Original topic: 基于多副本的单集群容灾方案—如何进行扩缩容

| username: Hacker_eZSjet7O

[TiDB Usage Environment] Production Environment
[TiDB Version] v7.5

Multi-replica single-cluster disaster recovery solution—How to scale in and out
The documentation does not cover this part.

| username: Jasper | Original post link

I don’t quite understand what you mean. TiDB defaults to 3 replicas. How is your environment and configuration different from the usual?

| username: Hacker_eZSjet7O | Original post link

When deploying multiple replicas, they are different, such as az, rack/label, etc. How do you handle these during scaling?

| username: Hacker_eZSjet7O | Original post link

Single Region Dual AZ Deployment for TiDB | PingCAP Documentation Center

| username: 有猫万事足 | Original post link

When scaling in or out, just make sure the labels are set correctly. There’s nothing else to worry about.

| username: Jasper | Original post link

Oh, I understand what you mean. You have set a label. The scaling operation is the same, just make sure that after scaling, the topology ensures that the number of TiKV instances in each zone/az/rack is consistent. Otherwise, it may lead to data imbalance.

| username: dba远航 | Original post link

Check out video 303, it specifically covers various scaling up and scaling down.

| username: tidb菜鸟一只 | Original post link

Setting labels is mainly for different racks or data centers. If you want to scale out in a specific rack or data center, you can specify the corresponding label. However, when scaling in, you need to consider whether the nodes corresponding to the label in this rack or data center are sufficient. For example, if this label already has only one node, and you have three labels corresponding to three replicas in total, and you want to scale in the only node on this label, that is definitely not feasible.

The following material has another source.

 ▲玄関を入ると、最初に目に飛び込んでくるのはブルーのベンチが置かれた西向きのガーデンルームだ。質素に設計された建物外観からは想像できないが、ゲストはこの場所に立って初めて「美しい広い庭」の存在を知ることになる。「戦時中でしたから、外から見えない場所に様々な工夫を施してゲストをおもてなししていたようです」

| username: Jellybean | Original post link

The most important point is to clearly understand the impact on the cluster of the presence or absence of the node to be operated on before and after scaling. If this evaluation is done well, there should be no major issues.

  • If it is scaling out, you should carefully set the label for the new node and prepare an accurate configuration file.
  • If it is scaling in, you must ensure that after scaling in, there are enough remaining nodes at the corresponding label level to accept the migrated data.

Then, execute the scaling commands using tiup scale-out or scale-in.

| username: Billmay表妹 | Original post link

You can take a look at this solution

Disaster Recovery Solution Based on Multi-Replica Single Cluster

| username: Aaronz | Original post link

To maintain the minimum requirements for Raft high availability and keep it highly available, you should be able to operate according to the scale-in documentation, configuring the correct nodes and role information.

| username: system | Original post link

This topic was automatically closed 60 days after the last reply. New replies are no longer allowed.